* _WORK REQUIRED_
Leaving out all pictures, transcribe the lines below exactly, from the first through the line containing "Happy young woman".
DATA IN THIS EXERCISE Start Marker
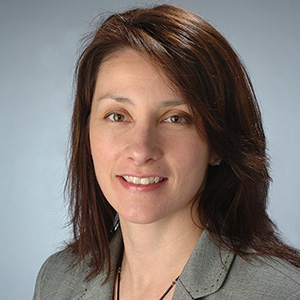 Professional headshot of a woman with shoulder-length auburn hair, wearing a gray blazer, smiling against a light blue background.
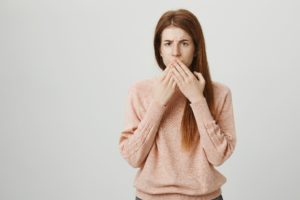 Frowning woman, concerned about loose tooth in Enfield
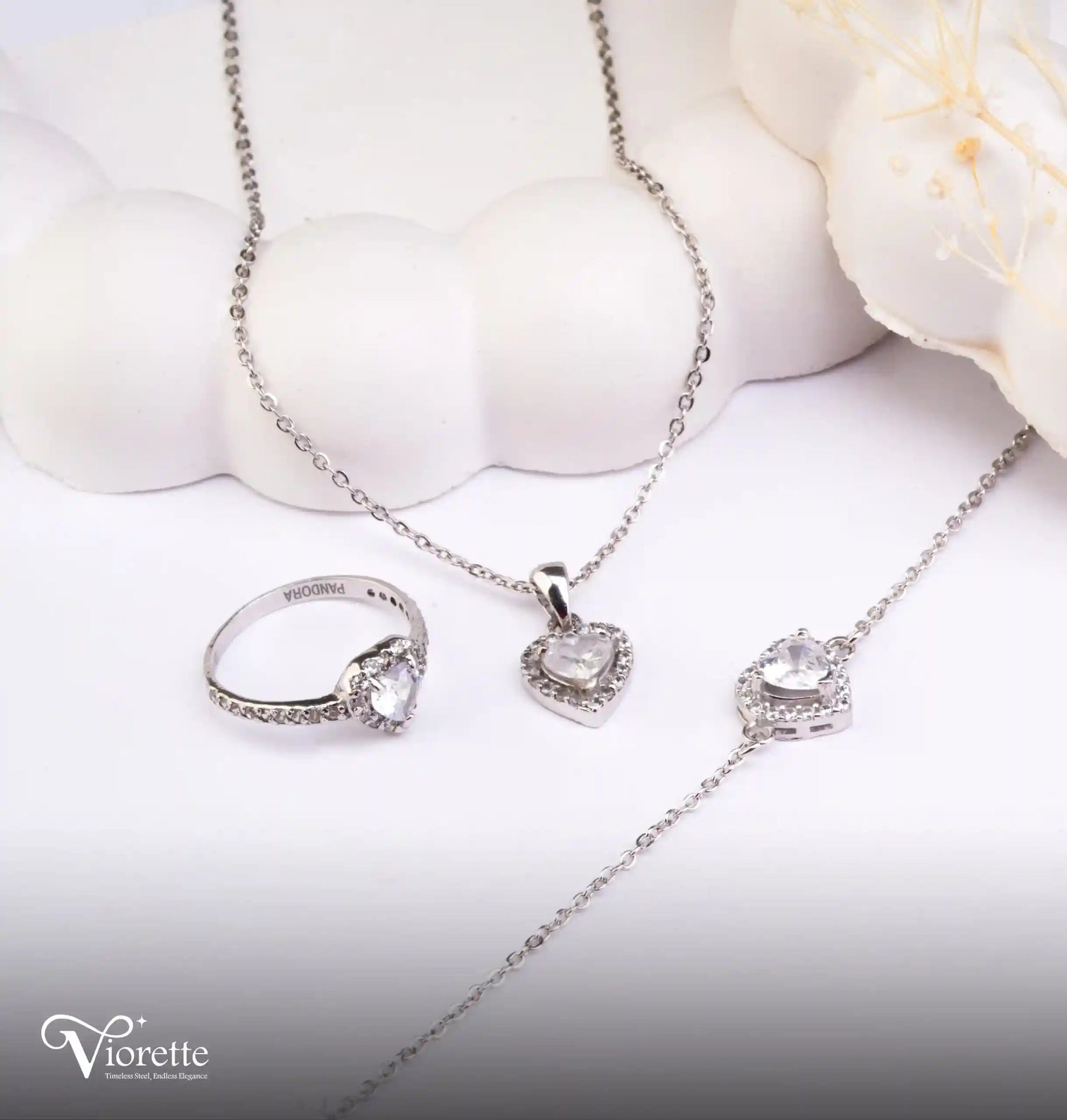 Viorette matching 925 sterling silver set with necklace, bracelet, and ring featuring clear crystal hearts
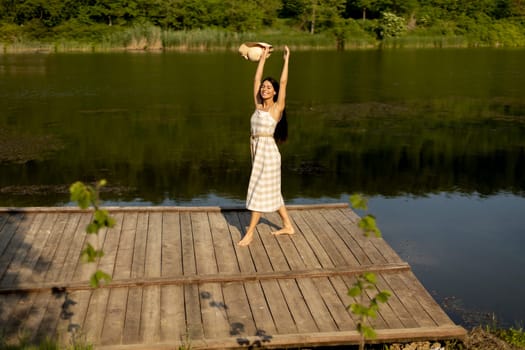Happy young woman standing on the wooden pier at the calm lake on a hot summer day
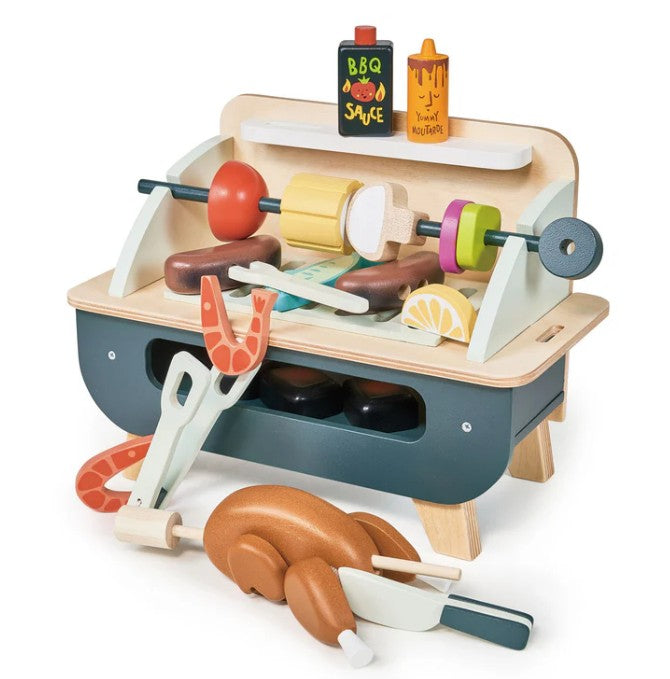 The Tenderleaf Barbeque Play Set features a mini wooden grill and play food like kebabs, shrimp, chicken, lemon slice, sausages, plus BBQ sauce and honey mustard bottles—perfect for tabletop fun.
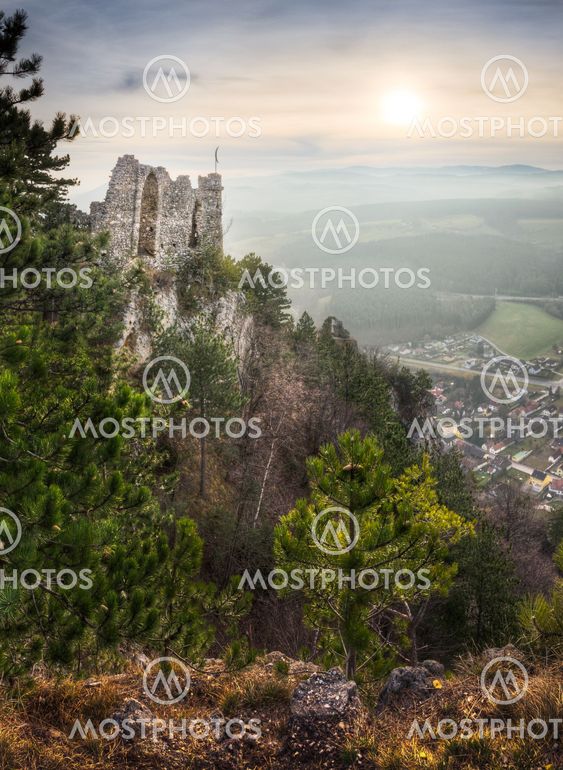 Ruins of a Castle with Mountains and Village in Background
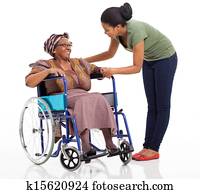 african woman talking to disabled senior mother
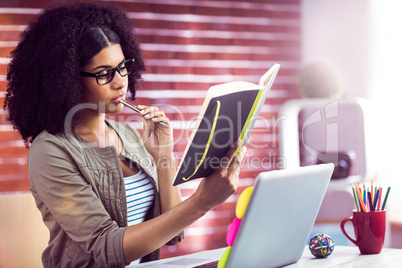 Casual businesswoman looking in her diary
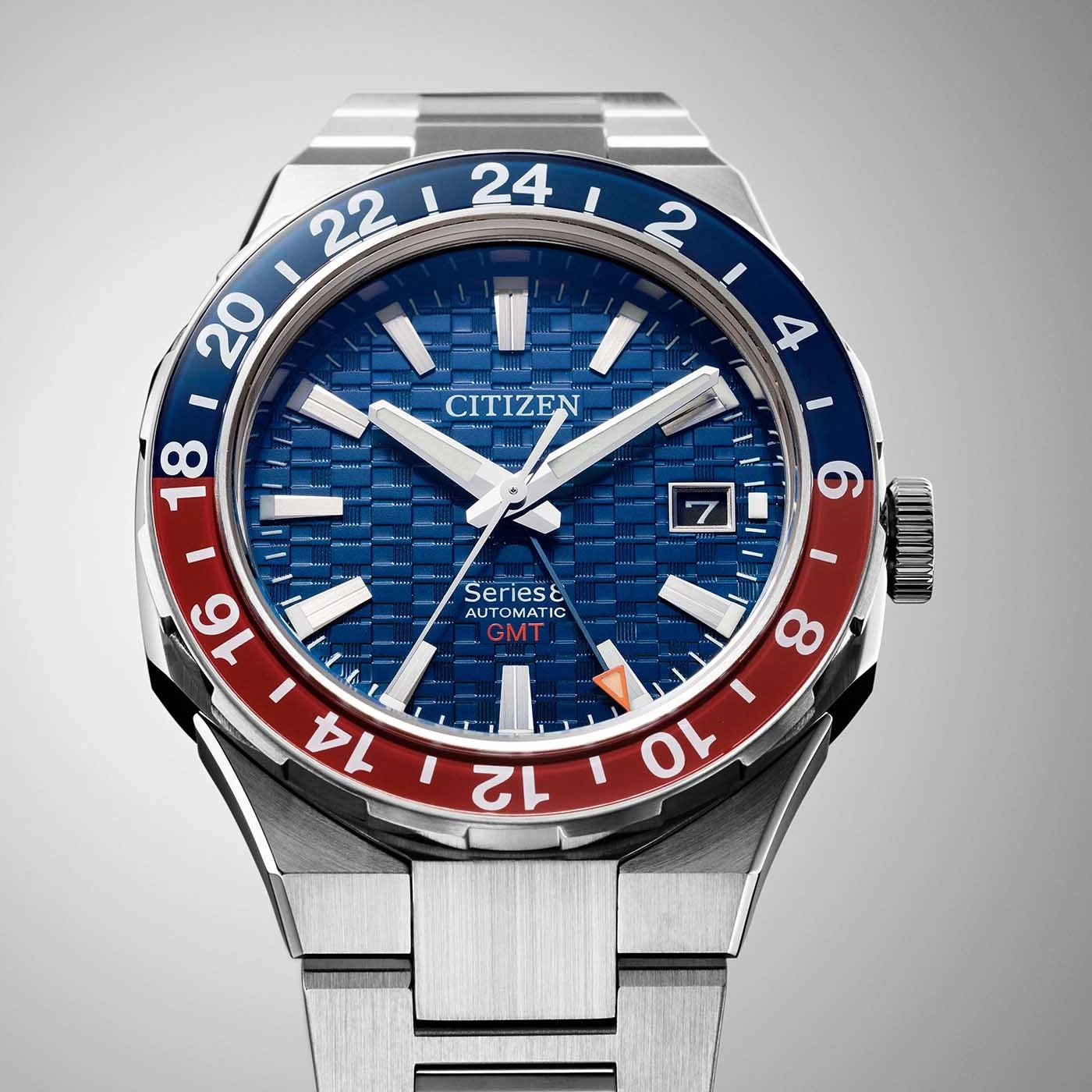 Citizen watch with blue and red bezel, GMT function, and date display.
DATA IN THIS EXERCISE End Marker
* _WRITTEN REPLY_
 Professional headshot of a woman with shoulder-length auburn hair, wearing a gray blazer, smiling against a light blue background.
 Frowning woman, concerned about loose tooth in Enfield
 Viorette matching 925 sterling silver set with necklace, bracelet, and ring featuring clear crystal hearts
Happy young woman standing on the wooden pier at the calm lake on a hot summer day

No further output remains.